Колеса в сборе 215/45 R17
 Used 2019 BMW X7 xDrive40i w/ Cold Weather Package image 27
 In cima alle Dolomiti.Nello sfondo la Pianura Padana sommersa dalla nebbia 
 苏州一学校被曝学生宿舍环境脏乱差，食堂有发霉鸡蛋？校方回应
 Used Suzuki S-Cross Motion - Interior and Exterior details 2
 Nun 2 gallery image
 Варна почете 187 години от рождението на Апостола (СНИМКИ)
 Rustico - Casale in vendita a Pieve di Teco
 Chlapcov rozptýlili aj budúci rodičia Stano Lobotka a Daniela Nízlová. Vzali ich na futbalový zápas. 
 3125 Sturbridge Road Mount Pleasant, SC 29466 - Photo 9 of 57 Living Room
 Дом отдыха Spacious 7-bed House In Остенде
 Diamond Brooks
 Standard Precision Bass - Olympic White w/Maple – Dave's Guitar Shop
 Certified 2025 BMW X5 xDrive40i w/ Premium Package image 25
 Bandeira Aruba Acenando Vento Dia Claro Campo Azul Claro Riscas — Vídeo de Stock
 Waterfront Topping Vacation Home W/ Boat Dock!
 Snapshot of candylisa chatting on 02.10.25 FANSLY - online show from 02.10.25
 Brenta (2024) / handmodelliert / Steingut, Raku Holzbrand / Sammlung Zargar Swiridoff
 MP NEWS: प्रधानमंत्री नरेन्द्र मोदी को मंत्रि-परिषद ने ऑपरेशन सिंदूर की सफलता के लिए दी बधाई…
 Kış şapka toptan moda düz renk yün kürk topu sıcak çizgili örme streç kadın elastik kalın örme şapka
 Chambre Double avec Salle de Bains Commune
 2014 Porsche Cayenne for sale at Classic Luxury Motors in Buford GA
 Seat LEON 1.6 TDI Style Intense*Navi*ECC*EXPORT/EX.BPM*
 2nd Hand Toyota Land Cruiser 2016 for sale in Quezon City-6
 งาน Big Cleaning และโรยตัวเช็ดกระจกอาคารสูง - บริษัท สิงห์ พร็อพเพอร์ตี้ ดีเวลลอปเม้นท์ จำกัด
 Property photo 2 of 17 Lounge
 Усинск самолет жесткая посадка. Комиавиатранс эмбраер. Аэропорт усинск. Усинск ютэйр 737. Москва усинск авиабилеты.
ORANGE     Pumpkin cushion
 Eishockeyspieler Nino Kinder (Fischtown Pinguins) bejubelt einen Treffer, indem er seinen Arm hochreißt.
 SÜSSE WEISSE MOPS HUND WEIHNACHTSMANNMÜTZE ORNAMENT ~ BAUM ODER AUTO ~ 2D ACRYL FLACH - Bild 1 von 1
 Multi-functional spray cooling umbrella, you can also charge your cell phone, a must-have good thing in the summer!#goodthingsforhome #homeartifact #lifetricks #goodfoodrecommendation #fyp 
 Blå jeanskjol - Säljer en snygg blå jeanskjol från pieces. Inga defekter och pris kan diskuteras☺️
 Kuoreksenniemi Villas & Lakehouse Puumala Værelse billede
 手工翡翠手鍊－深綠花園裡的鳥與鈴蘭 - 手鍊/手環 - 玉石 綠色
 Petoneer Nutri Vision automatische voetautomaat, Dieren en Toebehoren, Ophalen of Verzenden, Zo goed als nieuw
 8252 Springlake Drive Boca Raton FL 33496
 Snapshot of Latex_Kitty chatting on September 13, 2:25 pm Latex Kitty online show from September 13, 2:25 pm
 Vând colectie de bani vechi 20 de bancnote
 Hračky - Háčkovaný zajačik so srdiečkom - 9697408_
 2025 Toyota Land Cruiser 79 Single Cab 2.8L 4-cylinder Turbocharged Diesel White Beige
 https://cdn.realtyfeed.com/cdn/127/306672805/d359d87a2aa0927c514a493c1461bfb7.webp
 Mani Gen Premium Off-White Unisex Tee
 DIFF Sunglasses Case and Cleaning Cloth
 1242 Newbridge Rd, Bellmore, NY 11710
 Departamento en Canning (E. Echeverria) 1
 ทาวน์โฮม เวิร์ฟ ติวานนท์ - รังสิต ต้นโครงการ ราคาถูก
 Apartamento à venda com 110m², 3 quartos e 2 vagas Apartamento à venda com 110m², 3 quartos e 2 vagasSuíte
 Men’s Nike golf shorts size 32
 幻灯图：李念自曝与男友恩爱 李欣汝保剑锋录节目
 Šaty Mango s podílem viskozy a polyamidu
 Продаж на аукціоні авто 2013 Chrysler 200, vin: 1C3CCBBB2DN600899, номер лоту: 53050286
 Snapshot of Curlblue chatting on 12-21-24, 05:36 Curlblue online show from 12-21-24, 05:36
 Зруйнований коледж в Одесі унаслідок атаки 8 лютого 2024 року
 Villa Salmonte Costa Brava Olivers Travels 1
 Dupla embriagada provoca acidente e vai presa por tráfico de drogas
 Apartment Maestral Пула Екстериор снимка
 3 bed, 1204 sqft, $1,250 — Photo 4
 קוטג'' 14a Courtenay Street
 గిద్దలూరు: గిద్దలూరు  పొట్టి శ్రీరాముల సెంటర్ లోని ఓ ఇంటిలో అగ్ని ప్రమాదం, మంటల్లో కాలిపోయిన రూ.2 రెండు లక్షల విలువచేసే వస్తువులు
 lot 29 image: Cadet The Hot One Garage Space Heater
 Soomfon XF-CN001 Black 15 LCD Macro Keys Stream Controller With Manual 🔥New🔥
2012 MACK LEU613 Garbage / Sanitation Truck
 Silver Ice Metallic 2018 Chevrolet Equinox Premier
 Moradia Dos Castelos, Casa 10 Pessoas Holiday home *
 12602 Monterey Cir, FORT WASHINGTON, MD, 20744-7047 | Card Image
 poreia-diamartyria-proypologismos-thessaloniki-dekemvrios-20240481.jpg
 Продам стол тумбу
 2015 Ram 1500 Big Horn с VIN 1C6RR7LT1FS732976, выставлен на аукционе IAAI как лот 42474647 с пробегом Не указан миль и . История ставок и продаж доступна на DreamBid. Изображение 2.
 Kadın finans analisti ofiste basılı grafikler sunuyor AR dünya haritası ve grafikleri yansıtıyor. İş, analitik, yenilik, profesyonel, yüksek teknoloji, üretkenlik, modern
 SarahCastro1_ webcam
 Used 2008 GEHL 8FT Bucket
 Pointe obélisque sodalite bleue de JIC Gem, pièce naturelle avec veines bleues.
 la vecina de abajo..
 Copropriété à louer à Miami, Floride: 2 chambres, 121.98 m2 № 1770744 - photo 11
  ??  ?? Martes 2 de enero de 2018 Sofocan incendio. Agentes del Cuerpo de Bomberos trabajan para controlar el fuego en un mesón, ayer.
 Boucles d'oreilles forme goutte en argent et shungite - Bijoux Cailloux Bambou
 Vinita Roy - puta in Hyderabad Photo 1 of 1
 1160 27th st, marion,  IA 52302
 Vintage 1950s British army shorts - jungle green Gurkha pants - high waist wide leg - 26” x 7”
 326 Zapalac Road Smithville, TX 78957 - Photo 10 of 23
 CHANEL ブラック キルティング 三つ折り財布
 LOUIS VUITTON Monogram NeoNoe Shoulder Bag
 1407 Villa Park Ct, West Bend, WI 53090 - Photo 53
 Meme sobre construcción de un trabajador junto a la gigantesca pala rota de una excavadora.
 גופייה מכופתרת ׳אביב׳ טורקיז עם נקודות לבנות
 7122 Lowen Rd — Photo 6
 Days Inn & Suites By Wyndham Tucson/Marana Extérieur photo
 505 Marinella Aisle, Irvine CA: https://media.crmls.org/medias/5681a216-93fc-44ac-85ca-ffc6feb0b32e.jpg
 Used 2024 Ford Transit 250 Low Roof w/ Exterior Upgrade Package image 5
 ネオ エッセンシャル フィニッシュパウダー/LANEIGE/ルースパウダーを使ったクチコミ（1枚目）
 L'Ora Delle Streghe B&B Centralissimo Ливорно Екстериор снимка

━━━━━━━━

(WHAT THE TASK ASKS):
Only one stretch is wanted, so please give again exactly the lines from the start of the data through the line containing "Nun 2 gallery image", both ends included.

(REPLY):
Колеса в сборе 215/45 R17
 Used 2019 BMW X7 xDrive40i w/ Cold Weather Package image 27
 In cima alle Dolomiti.Nello sfondo la Pianura Padana sommersa dalla nebbia 
 苏州一学校被曝学生宿舍环境脏乱差，食堂有发霉鸡蛋？校方回应
 Used Suzuki S-Cross Motion - Interior and Exterior details 2
 Nun 2 gallery image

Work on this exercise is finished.